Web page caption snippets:
>>

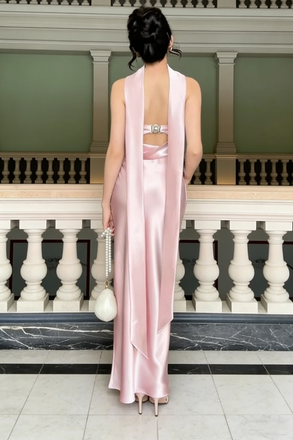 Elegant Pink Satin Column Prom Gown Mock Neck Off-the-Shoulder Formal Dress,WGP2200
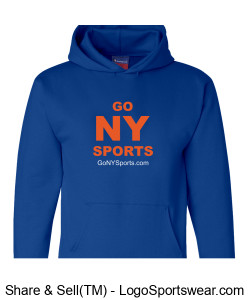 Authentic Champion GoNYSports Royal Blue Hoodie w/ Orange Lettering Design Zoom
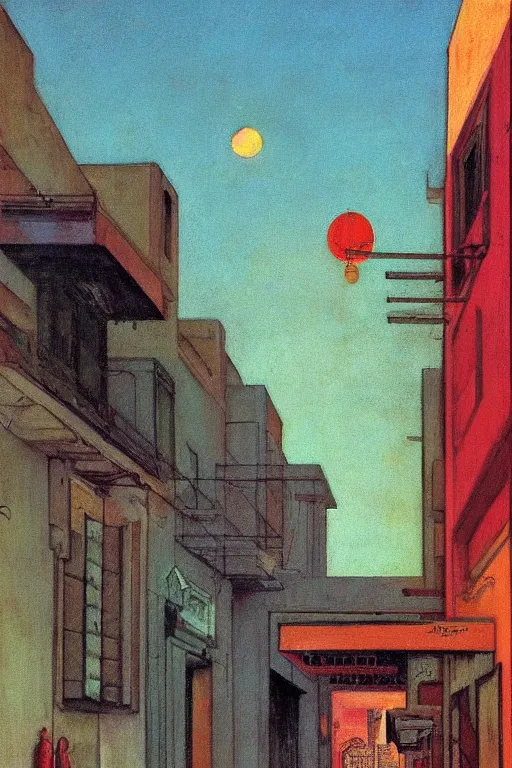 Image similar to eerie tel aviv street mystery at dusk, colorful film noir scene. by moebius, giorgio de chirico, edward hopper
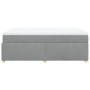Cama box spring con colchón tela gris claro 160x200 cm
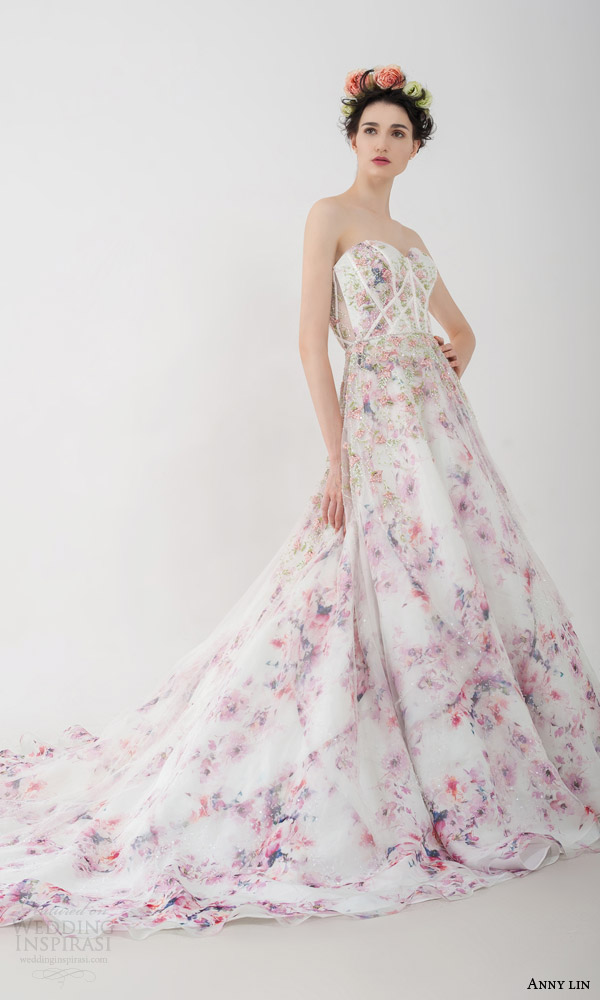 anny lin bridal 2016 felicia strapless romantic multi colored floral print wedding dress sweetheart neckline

<<

## Task
With pictures omitted, restate word for word every line above from the one containing "Cama box spring" to the end of the entries.

## Task result
Cama box spring con colchón tela gris claro 160x200 cm
 anny lin bridal 2016 felicia strapless romantic multi colored floral print wedding dress sweetheart neckline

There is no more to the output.